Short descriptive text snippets
--*--
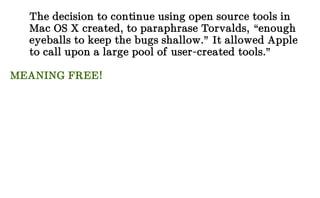 The decision to continue using open source tools in
Mac OS X created, to paraphrase Torvalds, “enough
eyeballs to keep the bugs shallow.” It allowed Apple
to call upon a large pool of user-created tools.”
MEANING FREE!
 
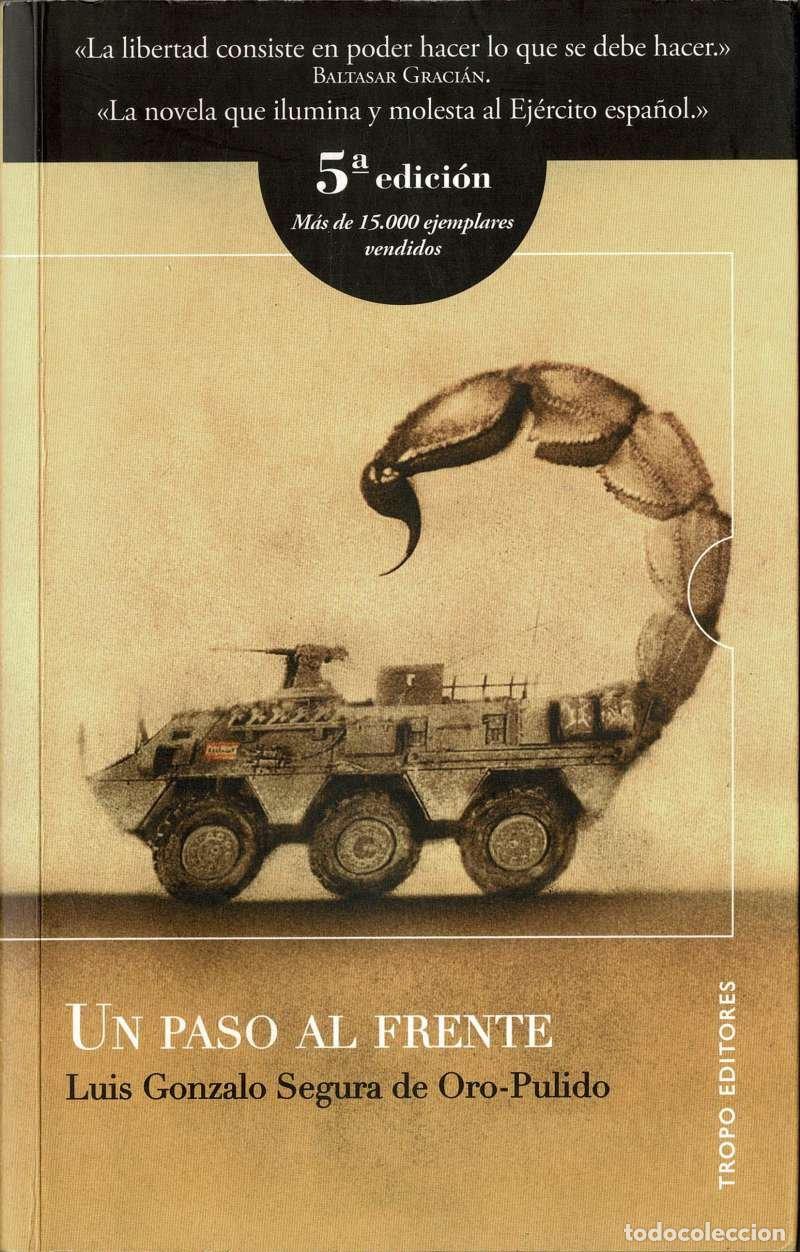 Livres d'occasion: Un paso al frente - Luis Gonzalo Segura de Oro-Pulido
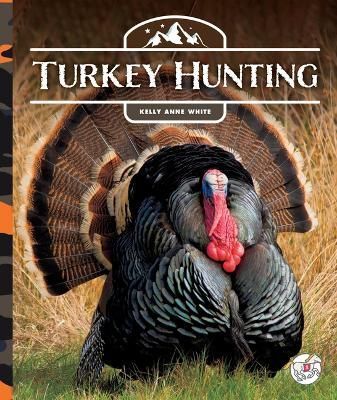 Turkey Hunting By White 9781503869769 (Hardback)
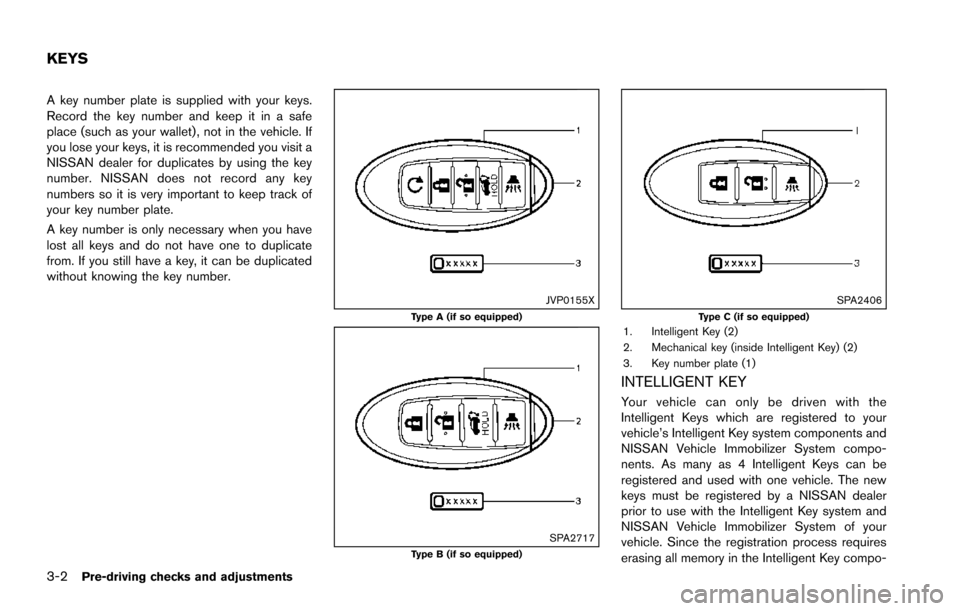 NISSAN ARMADA 2017 2.G Owners Manual 3-2Pre-driving checks and adjustments
A key number plate is supplied with your keys.
Record the key number and keep it in a safe
place (such as your wallet) , not in the vehicle. If
you lose your keys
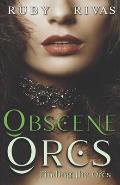 Obscene Orcs: Finding the Orcs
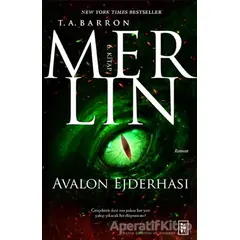 Merlin - Avalon Ejderhası 6. Kitap - T. A. Barron - Parodi Yayınları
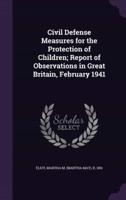 Civil Defense Measures for the Protection of Children; Report of Observations in Great Britain, February 1941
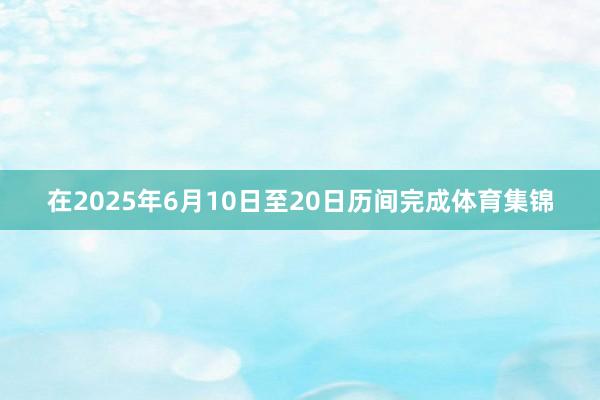 在2025年6月10日至20日历间完成体育集锦
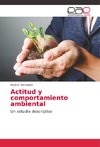 Actitud y comportamiento ambiental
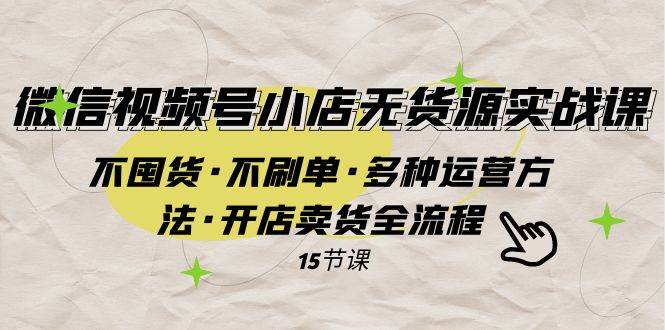 微信视频号小店无货源实战 不囤货·不刷单·多种运营方法·开店卖货全流程-匹左网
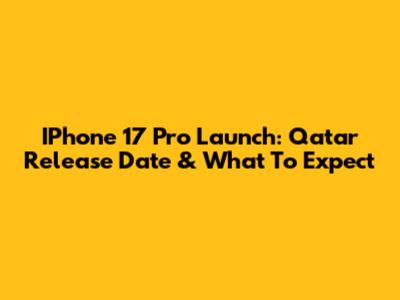 IPhone 17 Pro Launch: Qatar Release Date & What To Expect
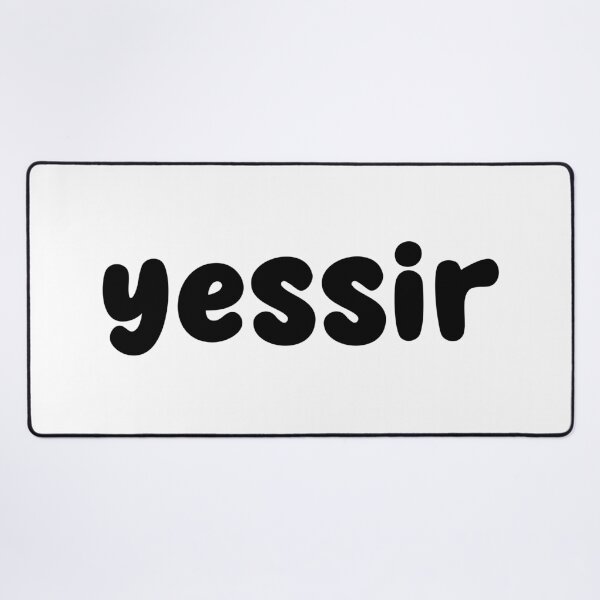 Item preview, yessir designed and sold by Memes N Lore .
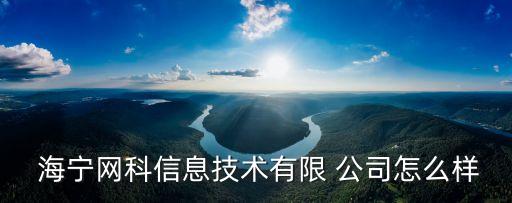  海寧網科信息技術有限 公司怎么樣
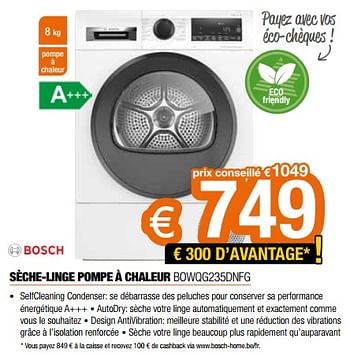 Promotions Bosch sèche-linge pompe à chaleur bowqg235dnfg - Bosch - Valide de 18/11/2022 à 28/11/2022 chez Expert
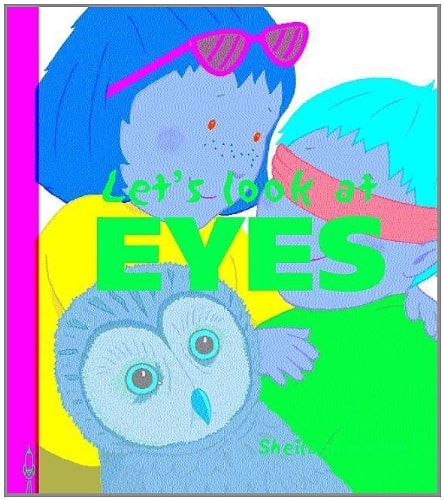 Let's Look at Eyes (Let's Look at (North Mankato, Minn.).)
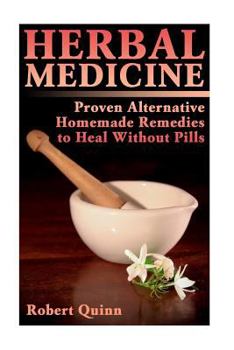 Paperback Herbal Medicine: Proven Alternative Homemade Remedies to Heal Without Pills Book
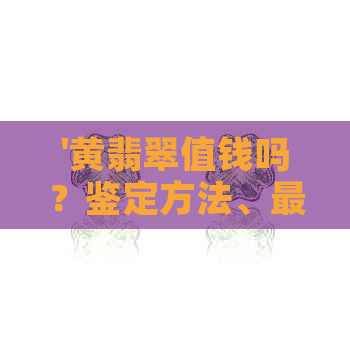 '黄翡翠值钱吗？鉴定方法、最不值钱的颜色与黄玉的关联'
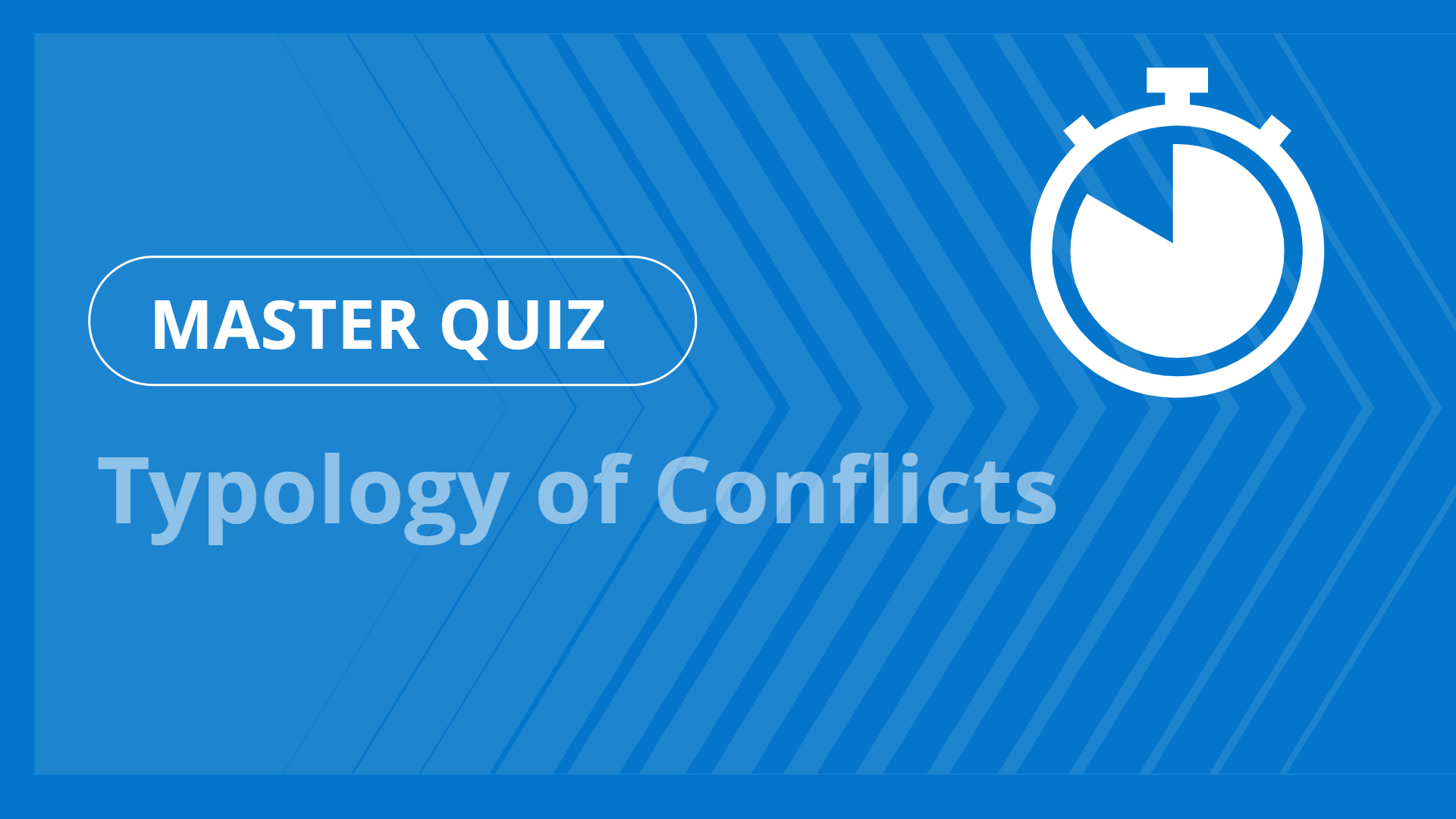 Master quiz - Typology of Conflicts
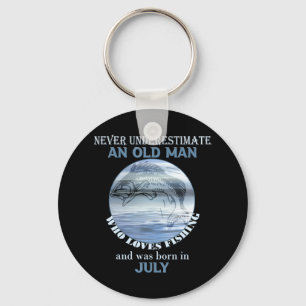 Mens Never Underestimate an Old Man Loves Fishing  Key Ring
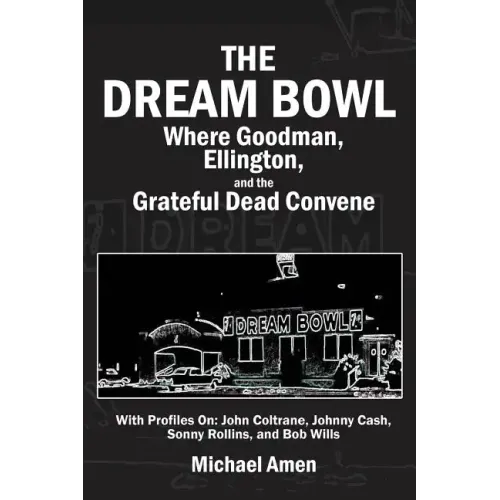 The Dream Bowl: Where Goodman, Ellington, and the Grateful Dead Convene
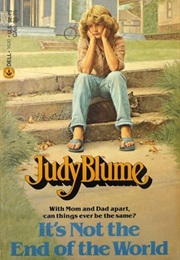 It's Not the End of the World (Judy Blume)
--*--
DIRECTIONS
From the data above, copy out every line with the string "number" in it.

RESPONSE BOX
A key number plate is supplied with your keys.
Record the key number and keep it in a safe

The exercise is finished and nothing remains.